- Malaysia
- /
- Electrical
- /
- KLSE:METROD
Metrod Holdings Berhad (KLSE:METROD) Is Due To Pay A Dividend Of MYR0.06
Metrod Holdings Berhad (KLSE:METROD) has announced that it will pay a dividend of MYR0.06 per share on the 22nd of August. The dividend yield will be 4.6% based on this payment which is still above the industry average.
Our free stock report includes 3 warning signs investors should be aware of before investing in Metrod Holdings Berhad. Read for free now.Metrod Holdings Berhad's Future Dividend Projections Appear Well Covered By Earnings
A big dividend yield for a few years doesn't mean much if it can't be sustained. Based on the last payment, Metrod Holdings Berhad was earning enough to cover the dividend, but free cash flows weren't positive. We think that cash flows should take priority over earnings, so this is definitely a worry for the dividend going forward.

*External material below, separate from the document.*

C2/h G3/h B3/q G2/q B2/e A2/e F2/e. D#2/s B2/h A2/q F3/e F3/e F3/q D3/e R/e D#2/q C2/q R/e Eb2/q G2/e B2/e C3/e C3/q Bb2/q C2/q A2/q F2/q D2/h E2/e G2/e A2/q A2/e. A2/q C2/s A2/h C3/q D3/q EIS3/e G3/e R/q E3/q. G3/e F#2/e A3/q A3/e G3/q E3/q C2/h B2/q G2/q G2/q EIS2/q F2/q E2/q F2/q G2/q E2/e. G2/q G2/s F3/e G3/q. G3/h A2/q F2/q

Over the next year, EPS could expand by 32.0% if recent trends continue. If the dividend continues on this path, the payout ratio could be 25% by next year, which we think can be pretty sustainable going forward.

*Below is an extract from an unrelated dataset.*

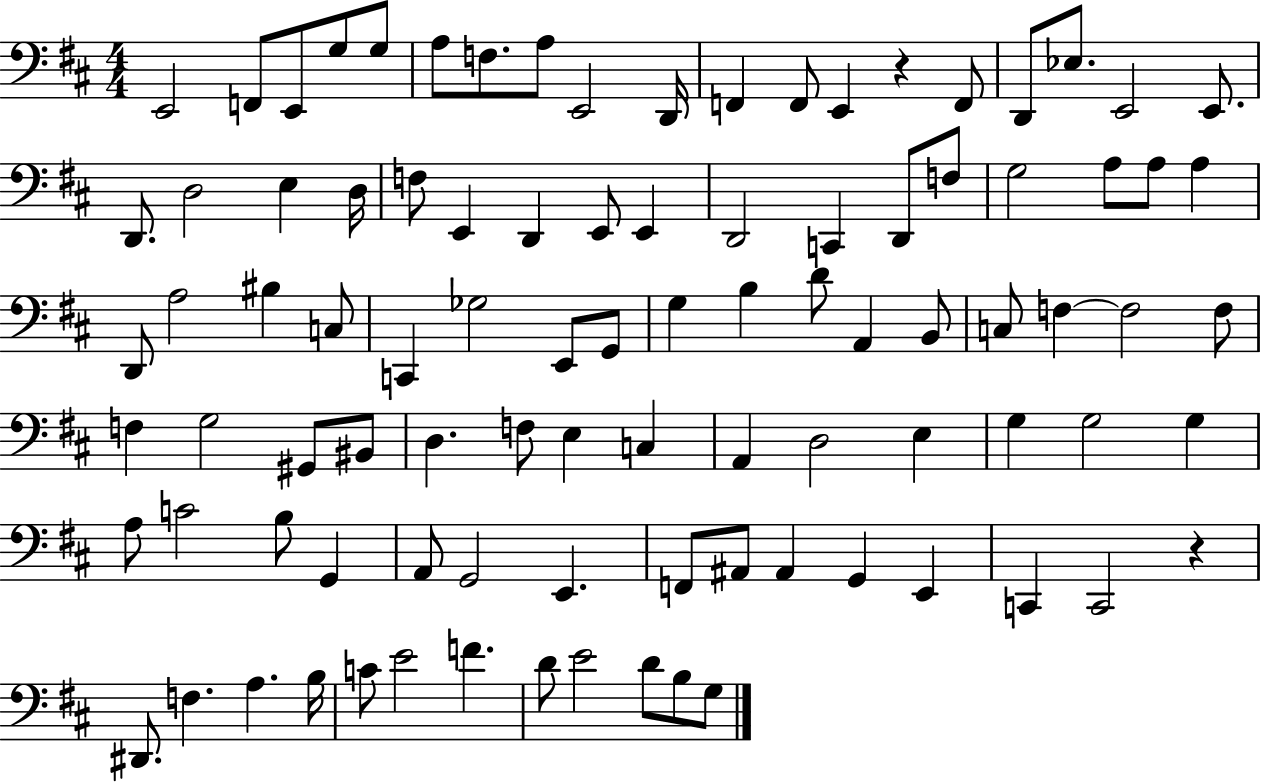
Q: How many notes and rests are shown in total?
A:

Check out our latest analysis for Metrod Holdings Berhad
Metrod Holdings Berhad Has A Solid Track Record
The company has an extended history of paying stable dividends. There hasn't been much of a change in the dividend over the last 10 years. Dividends have grown relatively slowly, which is not great, but some investors may value the relative consistency of the dividend.
The Dividend Looks Likely To Grow
Some investors will be chomping at the bit to buy some of the company's stock based on its dividend history. It's encouraging to see that Metrod Holdings Berhad has been growing its earnings per share at 32% a year over the past five years. Earnings have been growing rapidly, and with a low payout ratio we think that the company could turn out to be a great dividend stock.
In Summary
In summary, while it's good to see that the dividend hasn't been cut, we are a bit cautious about Metrod Holdings Berhad's payments, as there could be some issues with sustaining them into the future. With cash flows lacking, it is difficult to see how the company can sustain a dividend payment. This company is not in the top tier of income providing stocks.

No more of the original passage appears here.